Assigned task: Since the listing below shows pictures, leave them out and write out exactly the lines from the line with "JewelersClub 1/3 Carat" to the line with "1 Titanium Furniture", both included, and no others.

Record set:
________________________________________
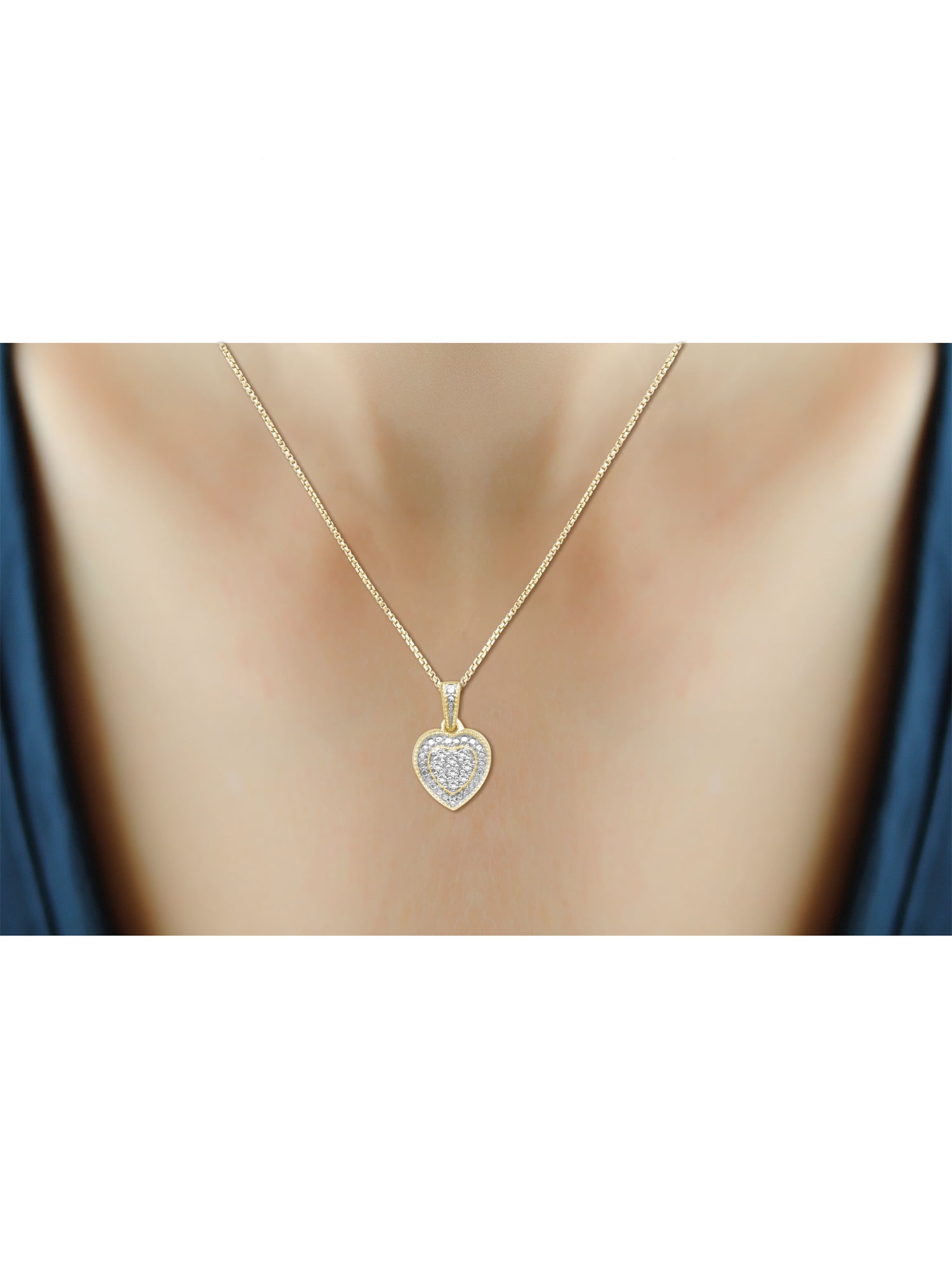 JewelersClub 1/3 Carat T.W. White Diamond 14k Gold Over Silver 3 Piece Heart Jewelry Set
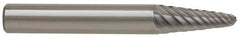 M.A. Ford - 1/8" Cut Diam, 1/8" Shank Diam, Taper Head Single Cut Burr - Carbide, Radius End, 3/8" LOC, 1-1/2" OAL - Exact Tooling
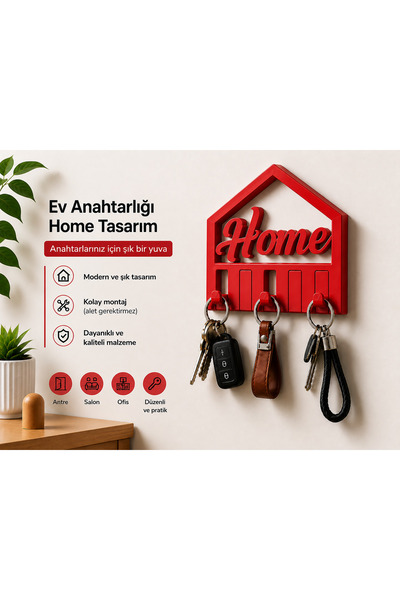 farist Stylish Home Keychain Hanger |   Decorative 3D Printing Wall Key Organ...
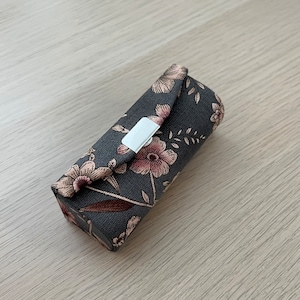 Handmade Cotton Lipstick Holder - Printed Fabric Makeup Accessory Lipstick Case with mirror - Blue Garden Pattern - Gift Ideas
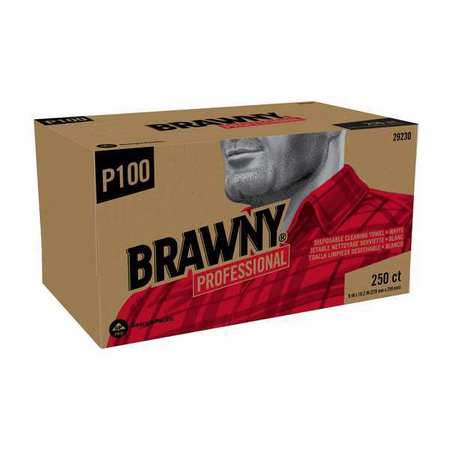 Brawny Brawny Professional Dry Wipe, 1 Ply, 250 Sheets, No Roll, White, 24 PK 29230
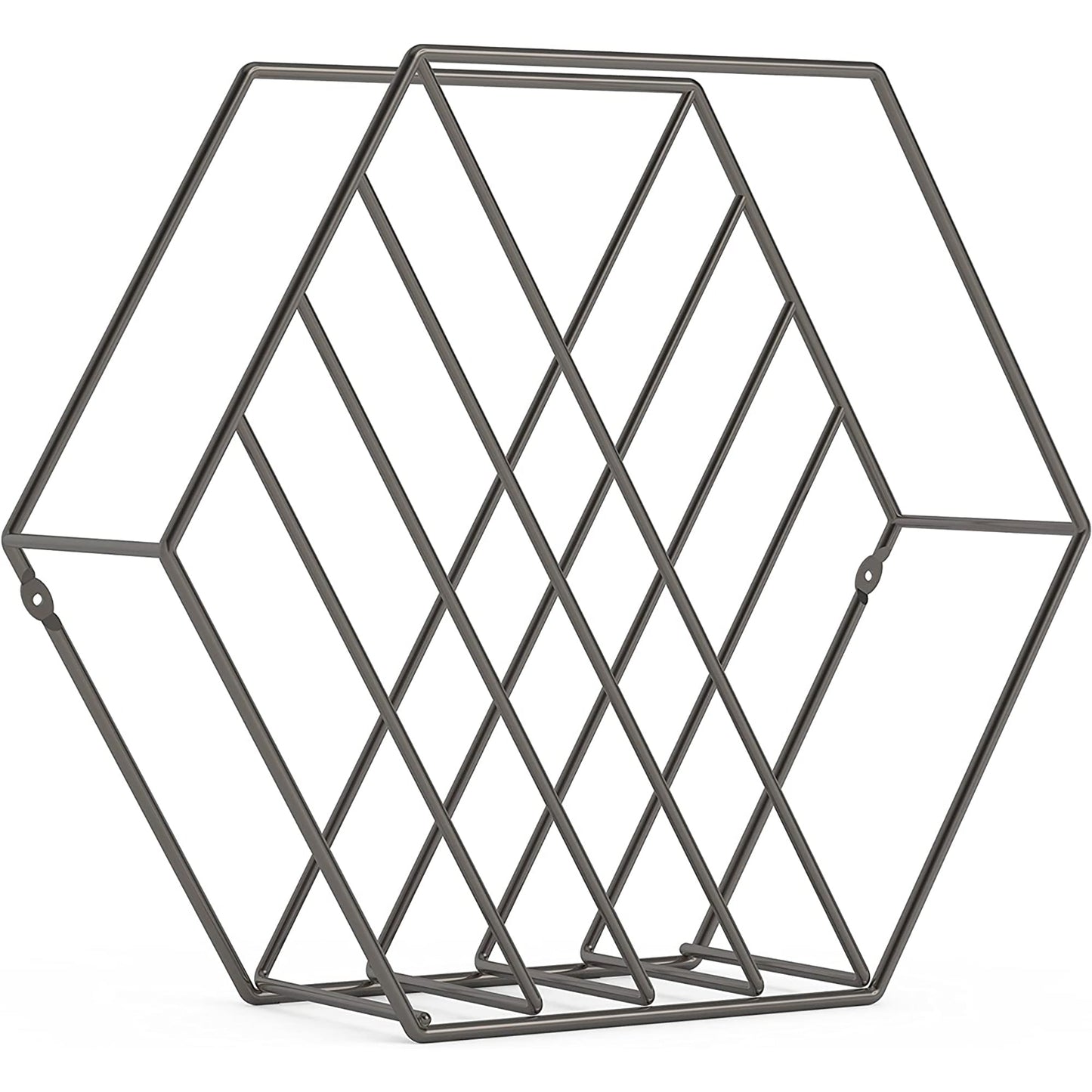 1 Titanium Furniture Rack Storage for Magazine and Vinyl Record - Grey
________________________________________
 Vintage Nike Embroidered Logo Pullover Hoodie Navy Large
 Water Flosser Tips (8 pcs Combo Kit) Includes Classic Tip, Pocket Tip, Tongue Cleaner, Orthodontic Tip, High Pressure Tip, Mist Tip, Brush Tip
________________________________________
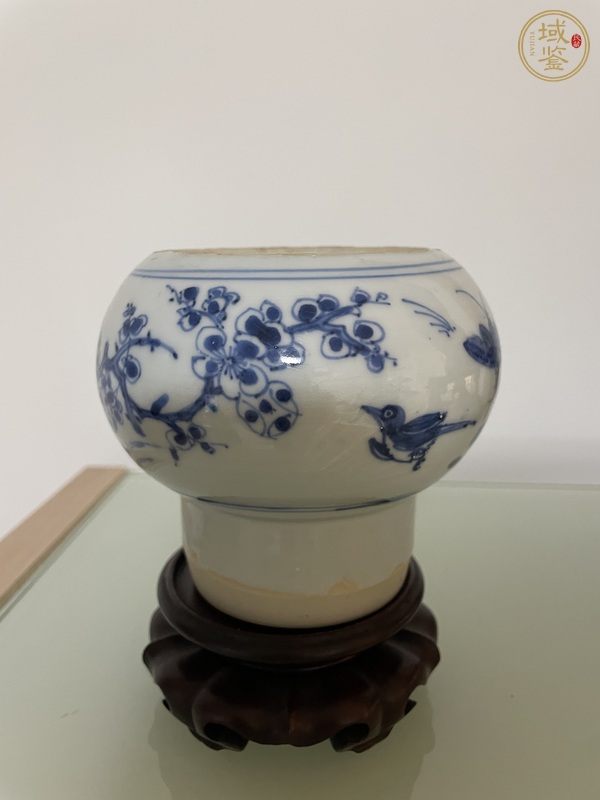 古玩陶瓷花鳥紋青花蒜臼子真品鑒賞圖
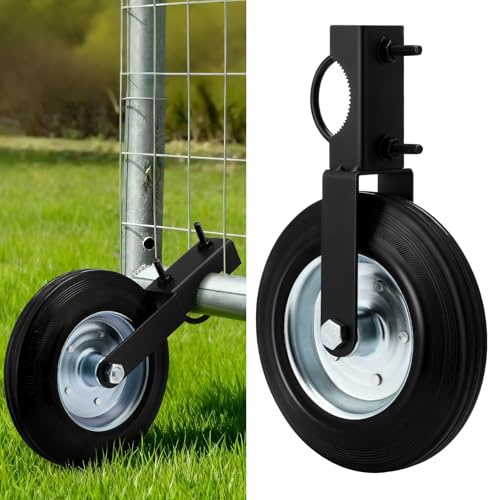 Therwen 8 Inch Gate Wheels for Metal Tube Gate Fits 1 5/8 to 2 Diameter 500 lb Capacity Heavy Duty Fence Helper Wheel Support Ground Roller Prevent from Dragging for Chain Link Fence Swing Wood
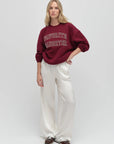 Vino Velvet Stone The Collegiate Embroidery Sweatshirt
________________________________________
Output of the exercise:
 JewelersClub 1/3 Carat T.W. White Diamond 14k Gold Over Silver 3 Piece Heart Jewelry Set
 M.A. Ford - 1/8" Cut Diam, 1/8" Shank Diam, Taper Head Single Cut Burr - Carbide, Radius End, 3/8" LOC, 1-1/2" OAL - Exact Tooling
 farist Stylish Home Keychain Hanger |   Decorative 3D Printing Wall Key Organ...
 Handmade Cotton Lipstick Holder - Printed Fabric Makeup Accessory Lipstick Case with mirror - Blue Garden Pattern - Gift Ideas
 Brawny Brawny Professional Dry Wipe, 1 Ply, 250 Sheets, No Roll, White, 24 PK 29230
 1 Titanium Furniture Rack Storage for Magazine and Vinyl Record - Grey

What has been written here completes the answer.